### Work to be completed
Beginning with the line that contains "PRINTED TRAVEL BAG" in the material below, print each line exactly until the line that contains "<B>GARZA</B> <B>DANIEL</B> ANGEL" has been printed, then stop.
== Source material
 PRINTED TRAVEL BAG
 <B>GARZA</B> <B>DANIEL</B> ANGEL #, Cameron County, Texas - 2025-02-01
====
== Source material
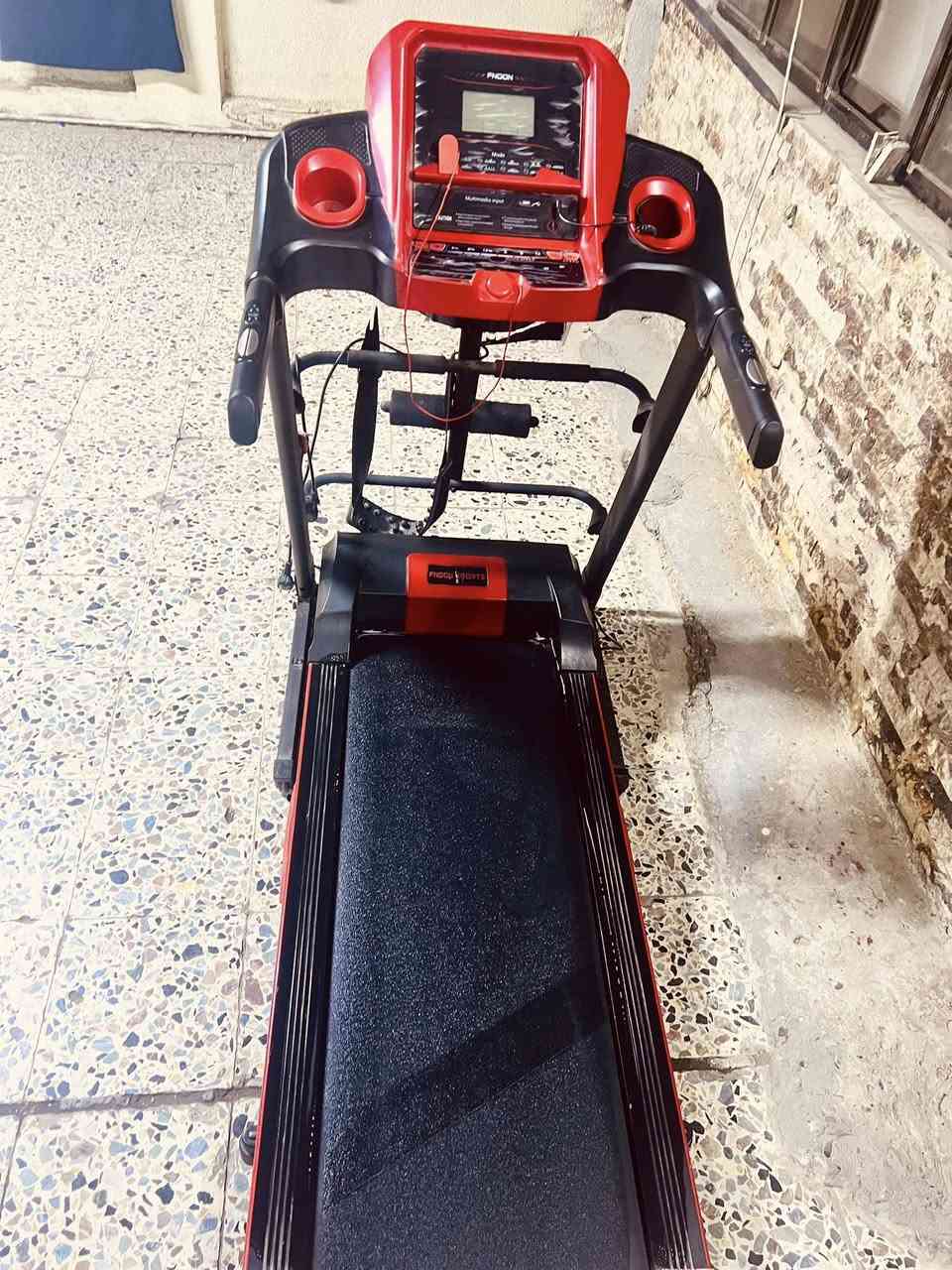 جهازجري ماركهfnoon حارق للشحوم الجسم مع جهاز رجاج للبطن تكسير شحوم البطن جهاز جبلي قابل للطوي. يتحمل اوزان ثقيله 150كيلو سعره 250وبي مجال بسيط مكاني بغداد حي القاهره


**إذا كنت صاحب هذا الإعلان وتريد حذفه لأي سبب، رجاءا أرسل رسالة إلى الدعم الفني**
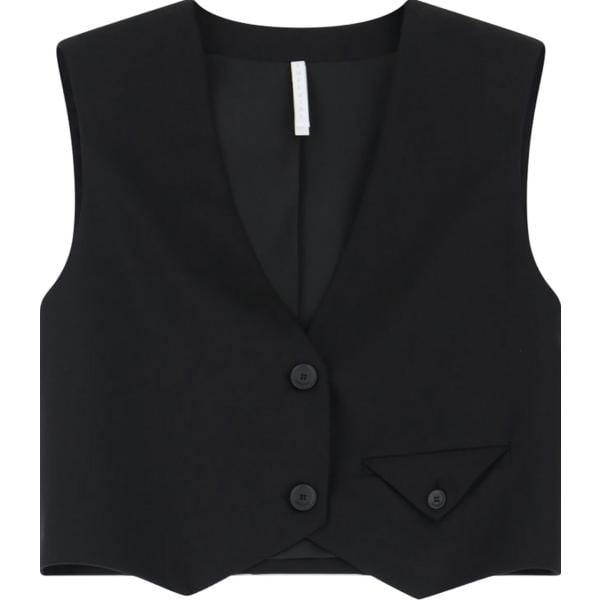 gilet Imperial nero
====
== Source material
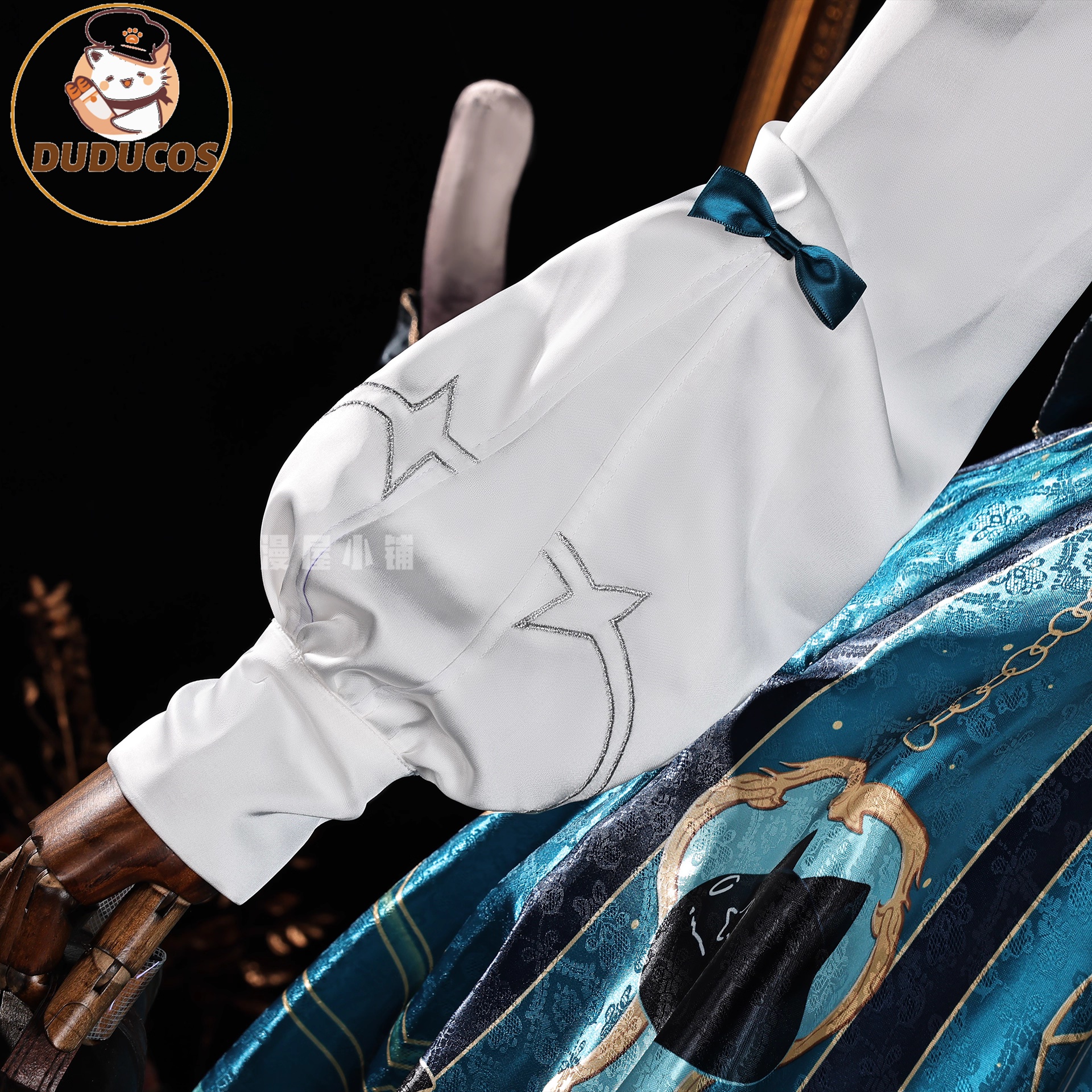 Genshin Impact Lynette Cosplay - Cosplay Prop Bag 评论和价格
====
### Answer to the problem
 PRINTED TRAVEL BAG
 <B>GARZA</B> <B>DANIEL</B> ANGEL #, Cameron County, Texas - 2025-02-01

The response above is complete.